Submissions for the pursuer
[14] Mrs Fletcher for the pursuer invited me to uphold sheriff’s judgment and refuse the appeal. Subject to a concession that the sheriff in finding in fact and law 4 had mis- expressed the position when she found that the £11,214 came from income. It was submitted that apart from this the sheriff did not err in law in the making of any other findings of fact or findings of fact and law and the appeal should be dismissed.
[15] Referring to section 28 of the 2006 Act she drew my attention to the fact that it imposed discretion on the sheriff. Referring to Britton v Central Regional Council 1986 SLT 207 and to McPhail Sheriff Court Practice 3rd edition 18.111
“The appellate court may intervene if it is satisfied that the judge did not exercise his discretion at all; or that in exercising it he misdirected himself in law; or misunderstood or misused the evidence or the material facts before him; or took into account an irrelevant consideration or failed to take into account some relevant consideration; or if his conclusion is such that, though no erroneous assumption of fact or law can be identified, he must have exercised his discretion wrongly.”
[16] She submitted the appeal is to be approached on the basis that the interlocutor must be regarded as a valid and correct judgement unless and until the appellant shows cause why it should be altered. It was submitted that there is no proper basis to alter the sheriff’s interlocutor in the instant case. In Finding-in-Fact 22 the sheriff had found “the renovations to the property were funded by the defender carrying out much of the work himself. The sum of £35,000 was forwarded by the pursuer and the defender utilised the sum of £50,000 which he had accumulated in cash from cash work”.
[17] In Finding-in-Fact 19: prior to renovation the defender’s home was valued at £220,000. Following completion of the renovations the value of the property would be £325,000. In Finding-in-Fact 18 the sheriff found “the sum of £35,000 was used for the renovation of the pursuer’s home” although clearly that should refer to the defender’s home. It was however accepted that there was no precise finding by the sheriff as to the value of the defender’s home as at the date on which cohabitation ceased and the pursuer’s agent accepted that it might be helpful to revert to the sheriff to clarify this matter and clarify her view of the cost of works to complete the property.
[18] Referring to paragraph 55 of Lady Hale’s judgement in Gow v Grant where she states:
“In principle, if one party has derived a clear and quantifiable economic benefit from the economic contributions of the other, it may be fair to order, what is, in effect, restitution of the value of that benefit.”

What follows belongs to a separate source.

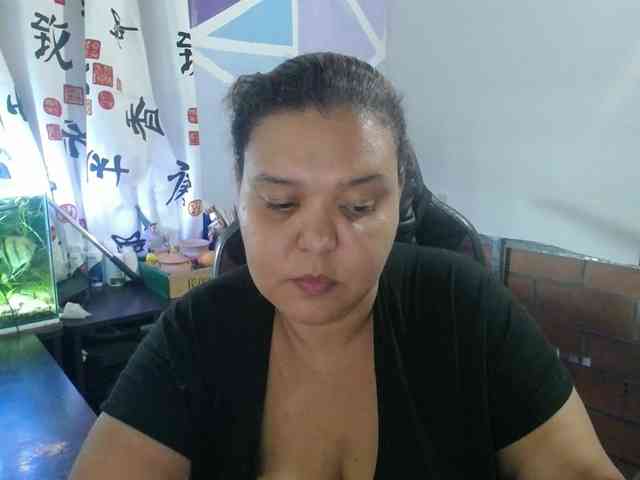 beautifulchubbyqueen webcam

[19] It was submitted that was exactly what occurred in relation to the property renovations, £35,000 had been contributed by the pursuer to the cost of renovations, and the defender had received the benefit in using such funds towards the renovation and thereby increasing the value of the property. In the Minute of Admissions the defender concedes that the pursuer has made contributions of £54,214. In the pursuer’s submissions that gave rise to economic advantage to the defender.
[20] As far as ground 2 is concerned, it was submitted to have no substance if one looked at the pleadings and crave 2, which replicated the statutory formulation. There should be no doubt in the defender’s mind as to the case which the pursuer sought to make. Having regard to Macphail 9.17 the consequence of which is by exception to emphasise the normal rule that legal duties should be averred in pleas-in-law and not in the pleadings themselves.
[21] Reference was made to Lord Guthrie’s opinion in the House of Lords case McGlone v British Railways Board 1966 SLT 7 where he sets out the fundamentals of Scottish pleadings at page 7:
“Now it is fundamental to the Scottish system of pleading that a defender is entitled to fair notice on record of the case made against him at the proof by the pursuer, so that he can prepare evidence to meet and rebut that case. Therefore the pursuer is not entitled to attempt to prove a different case of which the defender has not received fair notice, and which he has not been given an opportunity to prepare to meet.”
[22] It was submitted that the terms of the closed record clearly put the defender on notice of the basis of the pursuer’s claim. It was clear from the pleadings that the pursuer claimed the value of the property had increased. Article 3 of condescendence sets out in terms that the property had increased in value by approximately £150,000 as a result of the renovations.
[23] The pursuer submitted that from Gow v Grant it should be taken that the underlying principle is one of fairness designed to correct imbalance between the parties.
[24] In respect of the third ground of appeal the pursuer conceded that the sheriff mis-expressed the position when she found that the £11,214 came from income. It was however submitted that the reference to income was of no moment. It was accepted by the defender that this sum had been paid by the pursuer to him. In these circumstances it was irrelevant to the consideration of the sheriff whether it derived from income or capital.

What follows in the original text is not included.